Train and evaluate the models in a direct fashion.

Contrary to successive_halving and train_sizing, the direct approach only iterates once over the models, using the full dataset.

The following steps are applied to every model:

Apply hyperparameter tuning (optional).
Fit the model on the training set using the best combination of hyperparameters found.
Evaluate the model on the test set.
Train the estimator on various bootstrapped samples of the training set and evaluate again on the test set (optional).

See the DirectClassifier or DirectRegressor class for a description of the parameters.

method successive_halving(models=None, metric=None, skip_runs=0, est_params=None, n_trials=0, ht_params=None, n_bootstrap=0, parallel=False, errors="skip", **kwargs)[source]

Fit the models in a successive halving fashion.

The successive halving technique is a bandit-based algorithm that fits N models to 1/N of the data. The best half are selected to go to the next iteration where the process is repeated. This continues until only one model remains, which is fitted on the complete dataset. Beware that a model's performance can depend greatly on the amount of data on which it is trained. For this reason, it is recommended to only use this technique with similar models, e.g., only using tree-based models.

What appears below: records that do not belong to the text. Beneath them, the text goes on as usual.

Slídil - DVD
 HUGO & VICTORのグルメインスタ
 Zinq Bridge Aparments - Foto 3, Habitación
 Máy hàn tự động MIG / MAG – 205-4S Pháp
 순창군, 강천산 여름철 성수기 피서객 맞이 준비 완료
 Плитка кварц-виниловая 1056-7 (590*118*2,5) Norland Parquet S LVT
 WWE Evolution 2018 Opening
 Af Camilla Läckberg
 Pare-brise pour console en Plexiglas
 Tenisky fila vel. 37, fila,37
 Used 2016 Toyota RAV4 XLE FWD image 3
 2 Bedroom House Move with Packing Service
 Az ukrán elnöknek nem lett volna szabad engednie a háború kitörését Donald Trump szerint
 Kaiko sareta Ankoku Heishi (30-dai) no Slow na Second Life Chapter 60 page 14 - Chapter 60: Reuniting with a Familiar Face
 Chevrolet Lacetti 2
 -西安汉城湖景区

The following steps are applied to every model (per iteration):

Apply hyperparameter tuning (optional).
Fit the model on the training set using the best combination of hyperparameters found.
Evaluate the model on the test set.
Train the estimator on various bootstrapped samples of the training set and evaluate again on the test set (optional).

See the SuccessiveHalvingClassifier or SuccessiveHalvingRegressor class for a description of the parameters.

method train_sizing(models=None, metric=None, train_sizes=5, est_params=None, n_trials=0, ht_params=None, n_bootstrap=0, parallel=False, errors="skip", **kwargs)[source]

Train and evaluate the models in a train sizing fashion.

When training models, there is usually a trade-off between model performance and computation time; that is regulated by the number of samples in the training set. This method can be used to create insights in this trade-off, and help determine the optimal size of the training set. The models are fitted multiple times, ever-increasing the number of samples in the training set.

The following steps are applied to every model (per iteration):

Apply hyperparameter tuning (optional).
Fit the model on the training set using the best combination of hyperparameters found.
Evaluate the model on the test set.
Train the estimator on various bootstrapped samples of the training set and evaluate again on the test set (optional).

See the TrainSizingClassifier or TrainSizingRegressor class for a description of the parameters.